Beberapa petani lebih menyukai hilangnya hasil panen sebesar 20 hingga 30 persen yang dapat
diprediksi daripada risiko tinggi kehilangan yang jauh lebih besar dari penanaman hibrida yang
rentan. Oleh karena itu, sebagian besar produksi benih tahun 1971 dicapai tanpa menggunakan
kemandulan jantan dan sitoplasma T. Ras T H, maydis tidak serius pada tahun 1972. Masih ada
ras H. maydis yang lain, atau salah satu penyakit jagung lainnya dapat menjadi ancaman bagi
jagung hibrida yang sangat seragam dengan sitoplasma T steril jantan. Beberapa varietas jagung
yang tahan terhadap ras T H. maydis yang ada sekarang telah diidentifikasi dan tersedia untuk
produksi benih. Contoh ini menggambarkan bahaya keseragaman dalam plasma nutfah untuk
tanaman yang ditanam dalam skala besar. Ini juga menunjukkan bahwa program penelitian yang
berkelanjutan sangat penting dalam melindungi pasokan makanan dari potensi kerugian yang
sangat besar.

RINGKASAN

Sebagian besar sifat yang dapat diwariskan dikendalikan oleh gen kromosom inti, tetapi
beberapa bergantung pada DNA dalam organel sitoplasma. Mitokondria dan kloroplas membawa
sejumlah kecil DNA unik yang berperilaku independen terhadap gen inti. Organel sitoplasma ini
diduga telah berevolusi dari bakteri dan alga yang hidup bebas, masing-masing, yang masuk ke
dalam hubungan simbiosis dengan sel eukariotik. Resistensi streptomisin pada beberapa alga saat
ini bergantung pada plastida yang membawa DNA. Di Paramecium, simbion dengan DNA
mereka sendiri didirikan di sitoplasma, tetapi mereka hanya dapat bereproduksi dengan adanya
genotipe inti tertentu (A '). Organel sitoplasma yang membawa DNA dan telah berkembang dari
simbion prokariota telah menjadi mapan dalam evolusi dan telah mempertahankan operasi
genetik terbatas yang kurang lebih tidak bergantung pada gen inti. Plasmid adalah fragmen DNA
dalam sitoplasma yang dapat mengubah sel tumbuhan normal menjadi sel tumor dan
menghasilkan enzim yang menghasilkan pertumbuhan tumor. Kemandulan jantan pada tanaman
jagung dan beberapa tanaman lain serta tanaman taman bunga dikendalikan oleh faktor
sitoplasma. Efek maternal dikontrol oleh gen nuklear ibu dan oleh karena itu bukan merupakan
contoh pewarisan ekstranuklear. Isi ekstranuklear telur, bagaimanapun, mencerminkan pengaruh
genotipe ibu, dan pola pewarisannya seperti pewarisan ekstranuklear.

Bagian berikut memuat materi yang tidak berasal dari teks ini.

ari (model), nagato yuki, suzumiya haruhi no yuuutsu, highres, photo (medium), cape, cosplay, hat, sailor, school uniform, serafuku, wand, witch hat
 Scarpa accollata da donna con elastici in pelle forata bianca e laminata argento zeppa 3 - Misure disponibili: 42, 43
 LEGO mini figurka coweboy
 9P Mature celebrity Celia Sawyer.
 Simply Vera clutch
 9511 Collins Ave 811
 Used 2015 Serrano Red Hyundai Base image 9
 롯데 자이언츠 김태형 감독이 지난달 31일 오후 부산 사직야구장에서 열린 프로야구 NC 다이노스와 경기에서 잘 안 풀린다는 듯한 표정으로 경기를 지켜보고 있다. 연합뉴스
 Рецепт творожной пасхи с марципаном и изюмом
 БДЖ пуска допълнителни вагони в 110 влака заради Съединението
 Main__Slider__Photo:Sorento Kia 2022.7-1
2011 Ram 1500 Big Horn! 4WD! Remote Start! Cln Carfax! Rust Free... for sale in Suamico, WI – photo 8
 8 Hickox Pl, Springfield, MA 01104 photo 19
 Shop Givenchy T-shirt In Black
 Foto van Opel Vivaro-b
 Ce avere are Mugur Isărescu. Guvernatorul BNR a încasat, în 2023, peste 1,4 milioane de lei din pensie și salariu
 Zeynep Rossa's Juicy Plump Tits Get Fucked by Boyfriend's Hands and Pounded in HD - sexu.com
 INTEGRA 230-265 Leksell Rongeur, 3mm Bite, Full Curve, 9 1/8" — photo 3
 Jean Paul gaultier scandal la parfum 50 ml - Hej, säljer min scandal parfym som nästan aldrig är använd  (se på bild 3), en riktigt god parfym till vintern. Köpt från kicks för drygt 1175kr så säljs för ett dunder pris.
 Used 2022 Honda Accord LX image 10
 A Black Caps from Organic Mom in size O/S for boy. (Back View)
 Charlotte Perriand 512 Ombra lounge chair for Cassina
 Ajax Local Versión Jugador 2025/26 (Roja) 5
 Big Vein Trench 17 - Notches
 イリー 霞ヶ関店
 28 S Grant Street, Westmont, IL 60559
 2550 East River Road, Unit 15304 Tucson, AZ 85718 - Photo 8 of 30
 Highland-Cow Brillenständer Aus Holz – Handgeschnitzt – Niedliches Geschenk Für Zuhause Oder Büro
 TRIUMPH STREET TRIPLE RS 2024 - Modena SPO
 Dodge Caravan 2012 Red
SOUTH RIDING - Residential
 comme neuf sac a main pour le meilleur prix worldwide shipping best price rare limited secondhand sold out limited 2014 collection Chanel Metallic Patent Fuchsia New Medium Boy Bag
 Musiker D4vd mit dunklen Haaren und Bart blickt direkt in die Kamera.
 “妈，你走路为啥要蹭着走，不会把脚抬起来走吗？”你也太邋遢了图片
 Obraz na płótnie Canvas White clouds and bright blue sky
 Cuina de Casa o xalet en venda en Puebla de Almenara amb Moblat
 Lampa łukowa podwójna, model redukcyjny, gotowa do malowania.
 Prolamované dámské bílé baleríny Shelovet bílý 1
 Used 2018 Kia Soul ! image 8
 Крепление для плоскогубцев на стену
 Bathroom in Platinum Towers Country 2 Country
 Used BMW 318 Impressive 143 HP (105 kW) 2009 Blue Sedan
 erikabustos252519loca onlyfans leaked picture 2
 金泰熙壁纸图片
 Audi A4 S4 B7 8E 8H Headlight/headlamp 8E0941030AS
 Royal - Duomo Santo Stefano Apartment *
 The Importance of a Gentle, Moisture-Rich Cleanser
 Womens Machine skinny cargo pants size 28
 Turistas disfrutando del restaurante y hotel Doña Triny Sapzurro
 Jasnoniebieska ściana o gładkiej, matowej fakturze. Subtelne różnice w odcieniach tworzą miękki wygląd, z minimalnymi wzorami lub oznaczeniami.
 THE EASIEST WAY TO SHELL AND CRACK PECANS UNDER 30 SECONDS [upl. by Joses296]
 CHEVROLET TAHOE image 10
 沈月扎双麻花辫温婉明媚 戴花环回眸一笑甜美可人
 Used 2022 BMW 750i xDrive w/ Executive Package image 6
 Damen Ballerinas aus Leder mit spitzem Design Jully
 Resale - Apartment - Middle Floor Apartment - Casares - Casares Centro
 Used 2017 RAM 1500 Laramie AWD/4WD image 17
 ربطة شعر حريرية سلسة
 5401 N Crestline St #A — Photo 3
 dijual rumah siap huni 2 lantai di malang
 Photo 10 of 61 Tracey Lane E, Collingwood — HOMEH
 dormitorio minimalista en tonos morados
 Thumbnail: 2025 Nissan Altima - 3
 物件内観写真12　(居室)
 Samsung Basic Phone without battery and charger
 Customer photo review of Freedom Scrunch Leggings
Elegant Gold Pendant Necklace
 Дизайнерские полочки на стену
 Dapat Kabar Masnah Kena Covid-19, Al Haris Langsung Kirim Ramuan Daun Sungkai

di universitas texas pertumbuhan abnormal di wilayah kepala Drosophila melanogaster muncul


secara sporadis dalam sampel dari populasi liar yang dikumpulkan. lalat-lalat ini dibiakkan dan
dipilih untuk pertumbuhan kepalanya yang abnormal selama beberapa tahun. Proporsi lalat yang
mengekspresikan sifat tersebut, yang dinamai tumorous head, meningkat menjadi sekitar 76
persen pada suhu 22 c ketika lalat dibesarkan di atas media tepung jagung dan molase. Ketika
persilangan timbal balik dilakukan, efek keibuan diindikasikan. penelitian lebih lanjut
menunjukkan efek keibuan. gen induk memberikan pengaruh ke arah pertumbuhan abnormal
pada kepala keturunan dewasa selama 22 jam pertama perkembangan. Dua gen utama ditemukan
untuk mengontrol sifat kepala tumor: 1) gen terkait jenis kelamin pada 64,5 unit peta pada
kromosom X yang mengendalikan efek ibu dan 2) gen struktural pada 58 unit peta pada
kromosom ketiga yang mengendalikan fenotipe kepala tumor.